Over 50 community members, students and members of the organization gathered around the flame as presenters outlined the history of the civil rights movement and King’s lasting influence. UCSB students donated the Eternal Flame to the university in 1968, commemorating Dr. King, President John F. Kennedy and Robert Kennedy for their work for civil rights.
This year’s weekend series of events is themed “I’ve Decided to Stick with Love,” a quote by King from his book Where Do We Go From Here? All programs throughout the weekend will include the theme.
“At the center of everything is love,” said Sojourner Kincaid Rolle, community liaison for the Center for Black Studies Research. “It’s [King’s] bottom line and I resonate with that very strongly.”
Honoring the memory and work of Dr. King, the event approached President-elect Trump’s inauguration with hesitancy, and the ceremony began with a prayer that expressed tentative hope for the incoming president and civil rights concerns.
“Having heard our first black president give an extraordinary farewell speech the other night, and our concern for the inauguration of President-elect Trump … we’re actually between two really interesting moments,” said Margaret Klawunn, vice chancellor for Student Affairs.
Klawunn said she is prepared to commit to President Obama’s ideals and “what UCSB really stands for” during challenging times.
“I was remembering the challenge that President Obama presented to us, which was to lace up our shoes and do the work,” she said. “We’ve heard his call to us and we can stand and accept that challenge before we get to inauguration.”
Rolle called the flame a “symbolic reminder of peace” and reminded the ceremony attendees to use love as a “personal guide” during peaceful protests.
The weekend will continue with events in Santa Barbara, including performances and events celebrating the African American, Native American and Buddhist histories and communities. There will also be a panel led by professors from the Department of Black Studies.

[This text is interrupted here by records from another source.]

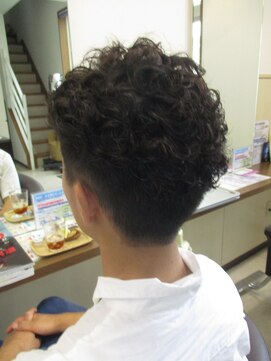 コアフィールフィス(COIFFURE fils) 刈り上げ×パーマ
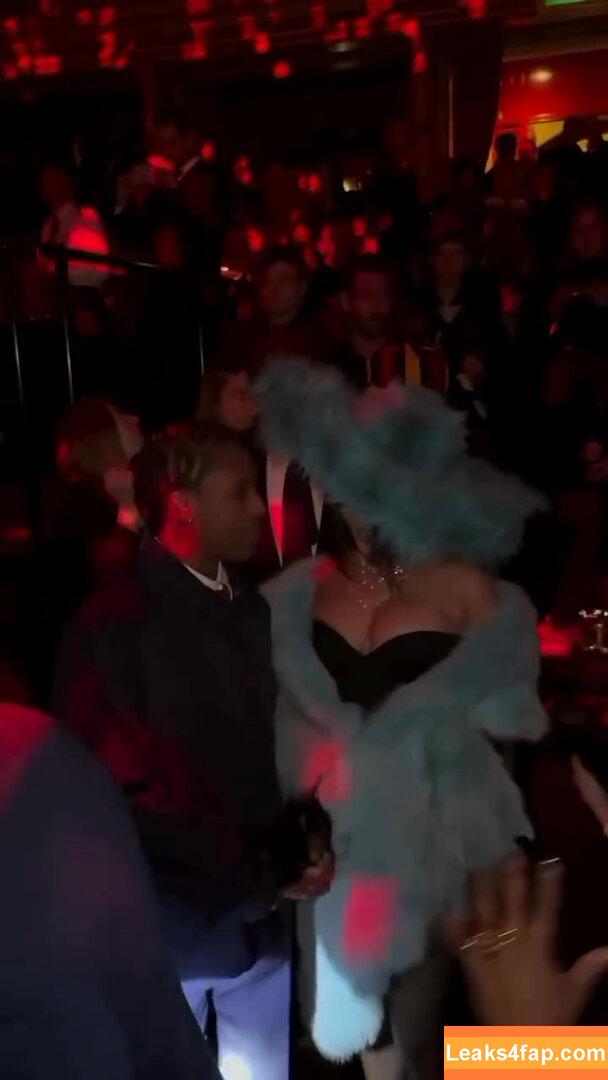 Rihanna / badgalriri слитое фото фото #3461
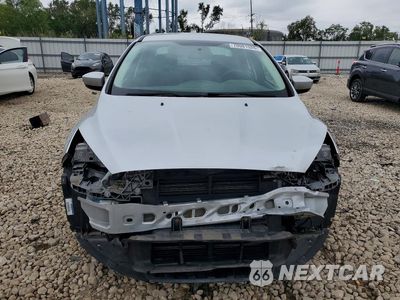 Piąte zdjęcie samochodu w środku: 2018 FORD FOCUS SE VIN:1FADP3F2XJL292060 - miniatura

“Community support has been tremendous,” Rolle said. “We couldn’t do what we do without it.”
Rolle hopes the idea that love conquers all will persist after this weekend and continue as Americans face challenging times ahead. She said Dr. King’s message will survive over time, even when people cease to know who he was.
“Truth will survive, and it will come up and people will learn [about his message],” she said. “It’s a way of getting to a better world.”